Studio album by Otep
- Released: May 27, 2002
- Recorded: October 2001
- Studios: Record Plant (Hollywood); Studio Litho (Seattle);
- Genres: Nu metal; death metal; gothic metal;
- Length: 61:06
- Label: Capitol
- Producer: Terry Date

Otep chronology
| Jihad (2001) | Sevas Tra (2002) | House of Secrets (2004) |

Singles from Sevas Tra
- "Blood Pigs" Released: 2002;

= Sevas Tra =

Sevas Tra (reversed: "art saves") is the debut studio album by American heavy metal band Otep, released on May 27, 2002, through Capitol Records. The band, then consisting of vocalist Otep Shamaya, guitarist Rob Patterson, bassist Jason "eViL J" McGuire and drummer Mark "Moke" Bistany, wrote the album in one month and recorded it with producer Terry Date at Studio Litho in Seattle in October 2001. Sevas Tra is a nu metal, death metal, and gothic metal album whose lyrics address topics including sexual abuse, incest, organized religion, survival, anger and vulnerability whilst referencing mythology and various ancient cultures.

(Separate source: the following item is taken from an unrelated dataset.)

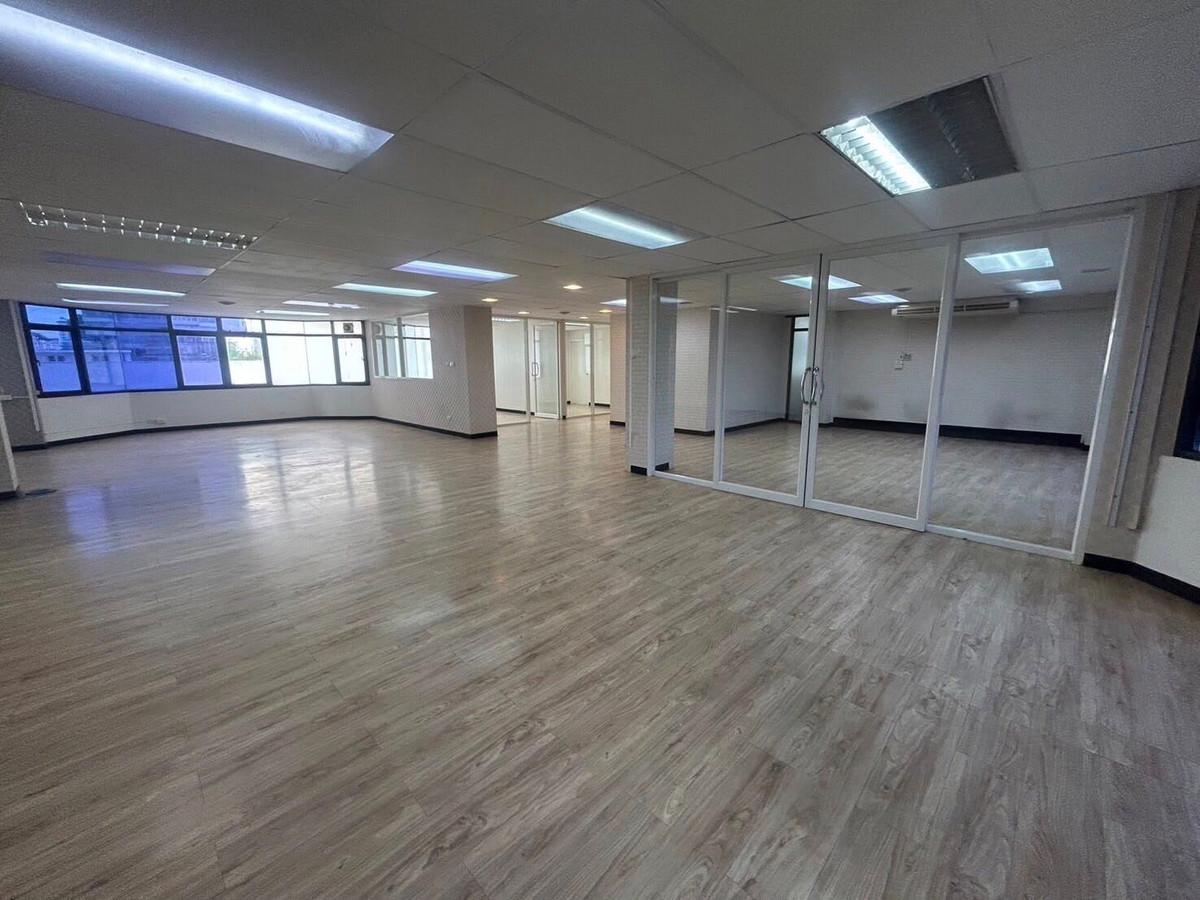 For RentOfficeSathorn, Narathiwat : Office, good location, beautifully decorated, for rent in Sathorn-Silom area, near BTS St. Louis, only 300 meters.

Sevas Tra received mixed reviews from critics, who praised its songwriting and Shamaya's vocal performances but were divided on its lyrics and presentation. The album debuted at number 145 on the US Billboard 200 chart and number 86 on the UK Albums Chart. To promote the album, Otep filmed a music video for "Blood Pigs" and joined the Ozzfest tours across Europe and the United States throughout 2002. Otep later reunited with Patterson and Bistany for the recording of their fourth album Smash the Control Machine (2009), and performed a concert celebrating the album's 20th anniversary in 2022.

== Background and recording ==

Otep was formed in Los Angeles in August 2000 by vocalist Otep Shamaya, who sought a new creative outlet beyond drawing and poetry and to bring her art to life through music. Shamaya became inspired to take up music after hanging around with various musicians in the late 1990s, despite her lack of formal training or experience; she wanted to pursue an aggressive direction whilst working with musicians who had a mixture of influences. After finding a manager and searching for some musicians, Otep settled on an initial lineup with bassist Jason "eViL J" McGuire, guitarists Traver Marsh and Dave "Spooky" Aguilera and drummer Mark "Moke" Bistany and performed their first show in November 2000. Record labels had begun courting Otep by the time of their fourth show in February 2001, and the band were offered a slot on the Ozzfest tour after Jack and Sharon Osbourne saw the band open for Cold at the Roxy Theatre in March. In April 2001, the band signed with Capitol Records on the strength of their live performance, after only eight shows and without a demo. Following the release of Otep's debut extended play (EP) Jihad (2001) (Note: Retitled Otep for its European release due to the September 11 attacks.) and performances on Ozzfest, Marsh and Aguilera were fired in July 2001 due to creative differences and were replaced by Rob Patterson, whom had briefly been part of Otep's initial line-up.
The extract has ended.